Back then I never gave a lot of thought to it all. As I got older I found out that the Easter Bunny wasn’t real…it was kind of like finding out Santa Claus isn’t real. A rabbit could never deliver baskets to all the Christian children in the world in one night. Besides, how would he even get into the house?

And yet, even as I got older, I had no trouble believing an equally implausible story about how a man could be executed by the most cruel and torturous method ever invented on Friday and then walk out of his tomb (rolling a stone away) on Sunday morning. After all, all of the adults I knew claimed to believe it. It was not just a miracle but it was THE miracle that saved us from the eternal torment we deserved.

When I got to college, I learned some disturbing facts about the Jesus story. I had always heard that the Christians had placed the holiday of Easter at a particular time in order to supplant pagan fertility rituals usually celebrated around the same time..

But what I did not realize was that so many details of Jesus’s life — the virgin birth and the resurrection in particular — were unoriginal. The story of Jesus mirrors many stories that came hundreds of years before him…and it would make complete sense for someone interested in gaining a new convert in the pagan world to merely tack on these stories to the real life story of Jesus in order to make it more palatable for pagans.

During the period of the Roman Empire, history was simply not written the way we think of it today. There were no pure biographies…only legends and folklore that were intertwined with facts. It was even more true with religious texts. We can learn a lot about ancient history from these documents, but to suggest that they represent history in the same way that a biographer or historian would write history today ignores their context.

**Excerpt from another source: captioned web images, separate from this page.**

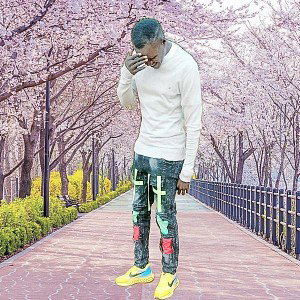 Freestyle_-_nelly Lee the King 256k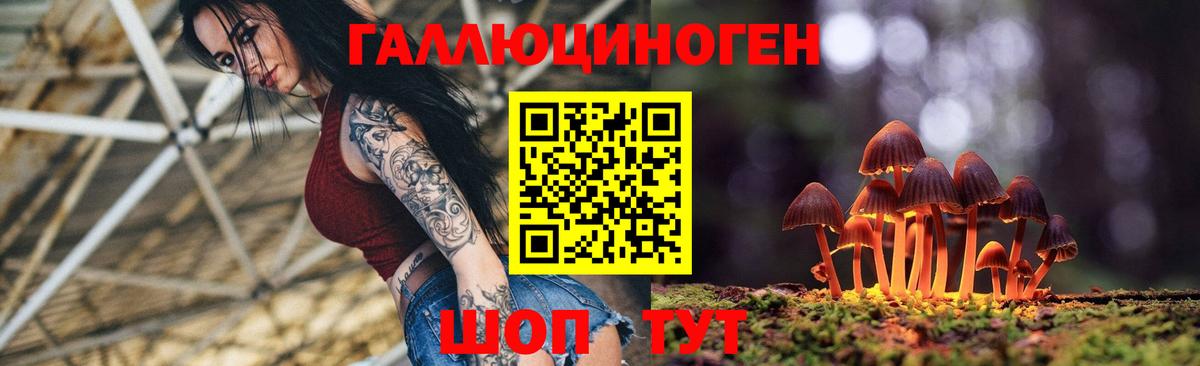 Выкса  где найти   Галлюциногенные грибы Psilocybe  Вход с VPN  Псилоцибиновые грибы мухоморы 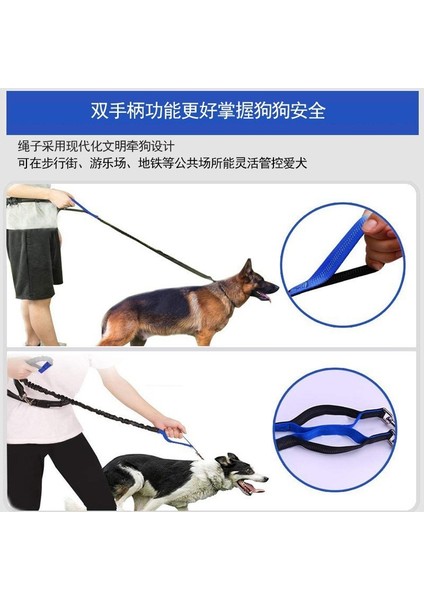 Yeni Model Yansıtıcı Çekme Bandı Köpek Tasmaı (Yurt Dışından) indirimleri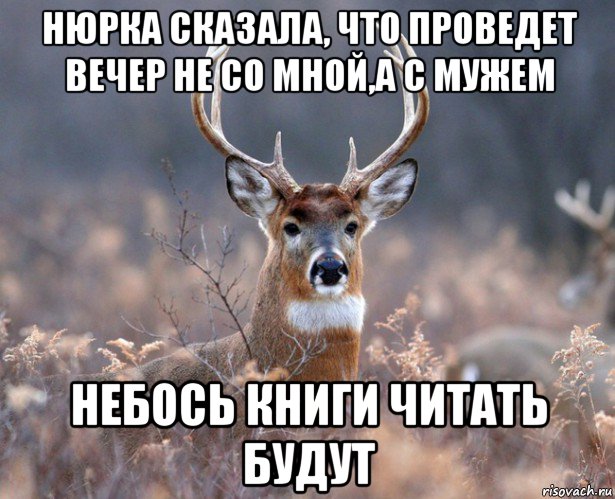 нюрка сказала, что проведет вечер не со мной,а с мужем небось книги читать будут, Мем   Наивный олень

Imagine someone from the future picking up a copy of Major League and thinking of it as a documentary about baseball. It was a comedic farce and never intended to be an historical film…even though there really was a baseball team called the Cleveland Indians.

Resurrection in the ancient world was a symbol for the new fertility that came with each spring. It turns out the rabbit and the eggs are more closely aligned with the original meaning of Easter than the stories about Jesus are.

Indeed, these two stories of virgin birth and resurrection that comprise Christmas and Easter are the two most ridiculous stories in all of Christianity.

The last time I attended church, it was on Christmas Eve of 2005. I thought it was a nice tradition. It was my idea. However, once I got there, all I could feel was anger at the myths that these leaders were spreading and reinforcing as if they were historical facts. The same thing happens at Easter, and that is precisely why I cannot attend anymore.